The rhetoric is loud and raucous on both sides. Let me make one thing completely clear - the Professor is WHOLE HEARTED in his support of the agency community. I firmly believe that the neutral channel is viable - indeed essential - in today's environment. However where I differ from the so called Open Allies Group is that I believe that the tools provided into the market are bad - IE Legacy GDS solutions are just inadequate and fail to provide the consumer choice. The old story of GARBAGE IN GARBAGE OUT applies no more clearly than in Travel Agent Search Tools from the legacy GDSs.
The value an agent is supposed to bring to the consumer is that he can interpret the possible results and help the consumer to make the best choice possible. But what if the tools he uses are not that good? Is the consumer then best served?
To illustrate my point here are 3 different results sets from Delta.com, Orbitz and LUTE Technologies Agent tool YuFares powered by Everbread.
The query is the same and should therefore represent the same basic result no matter what. My designated query here was as follows:
Seattle to London - simple roundtrip
Outbound Feb 6th
Inbound March 18th
Price led search
However the results shown here are constrained by certain parameters.

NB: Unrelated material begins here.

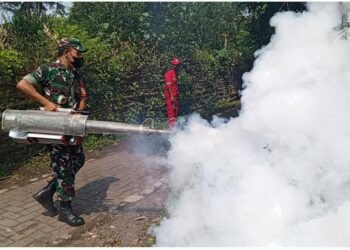 Dinkes Kabupaten Lumajang Fogging di Desa Boreng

Let's look at the airline direct result first. Delta.com - I use this site a lot because I fly DL a lot. However I know the constraints on the site. For example in this display I want see what I can get. There are 20 results. The shortest elapsed time in the 20 results that Delta.com returned to me was 23 hour and 45 mins. The longest time was 35 hours 17 mins with a 22 hour and 10 min layover. The price range of the results was from $731.70 to $758.70
NOTE I believe that Delta uses the Travelport search system. Travelport also owns Galileo and Worldspan and is currently embroiled in a legal fight with American Airlines.
Next I looked at Orbitz. This is the master Orbitz site in the USA. Same search parameters. After getting the master display - I used the Delta only results - there are considerably more possibilities that I could have chosen. According to Orbitz it gave me 24 Delta specific choices (including code shares and interline with partner results -AF and KL). The time line ranged from 12 hours 30 to 15 hours 20 and the price ranged from $756 to $1934.

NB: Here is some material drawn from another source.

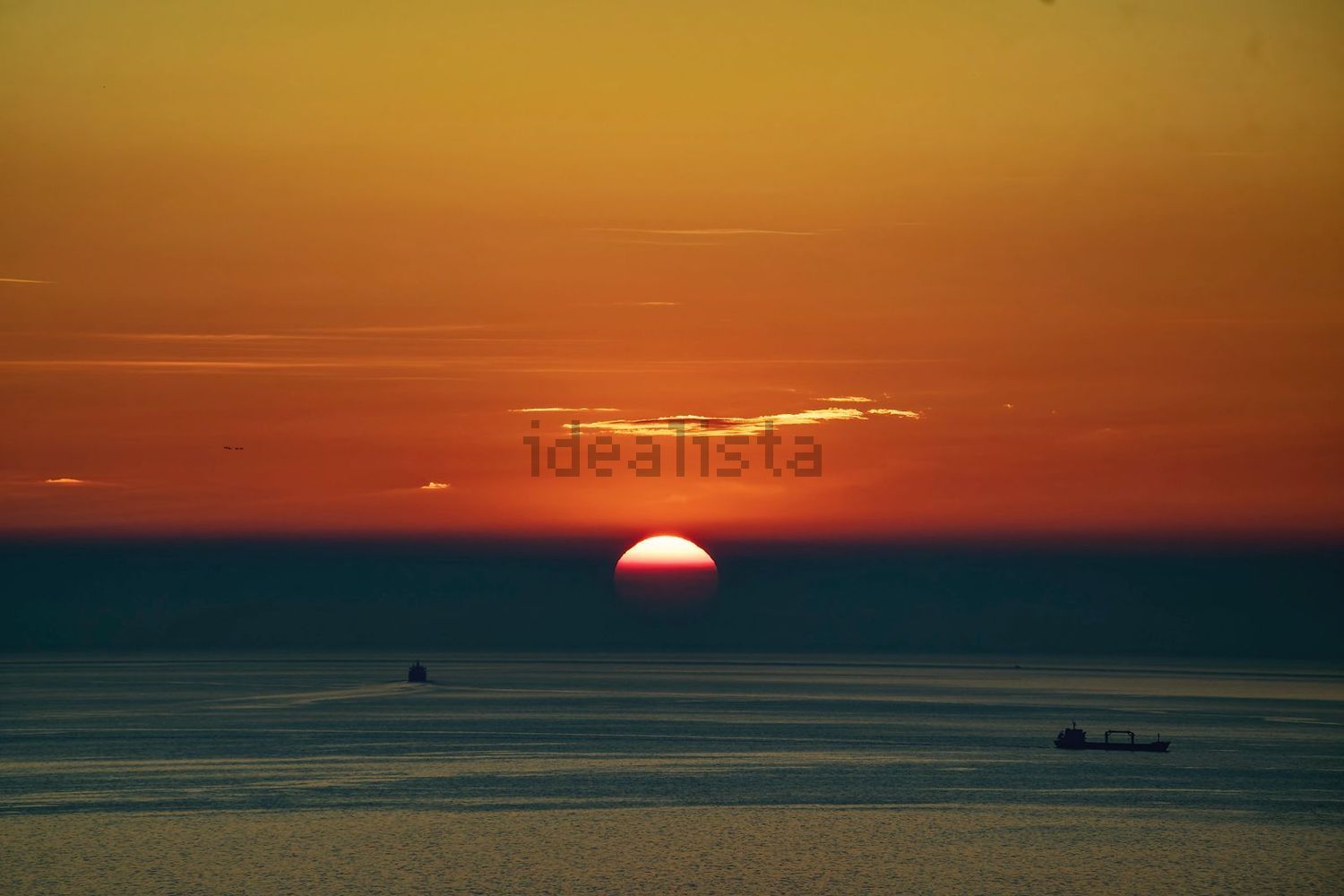 appartamento in affitto a Trieste in zona Gretta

Note: I believe that Orbitz uses the ITA Software engine. ITA Software is involved in a takeover by Google. Orbitz is embroiled in a fight with AA and is 48% owned by Travelport.
So finally I looked at one of our clients LUTE Technologies whose product YuFares uses the Everbread engine for B2B and B2C customers. The version I used was open and used the B2C standard interface. I will ignore that B2B Agent version as this found fares cheaper than the previous sites with some complexity. While the complexity of the trip was within the boundaries of what the other sites found and would be normal for an agent to offer a customer - I thought it would be fairer to use the untuned version as the results were within acceptable boundaries.
The system returned 111 results of which it displayed 15. The timeline range was from 12 hours 30 to 16 hours. The price range was from $769 to $887.
Note: I investigated the results for each of the hosts and I can see that Worldspan which powers Orbitz actually constructs a lower fare than the LUTE results. For the LUTE results - the engine can choose from any GDS - so I selected a different GDS to highlight the difference. In this case I used the Amadeus GDS for availability options. When switching the engine to the different host - LUTE and Orbitz match. I indeed checked this on ITA's own mobile app and it too confirmed the results.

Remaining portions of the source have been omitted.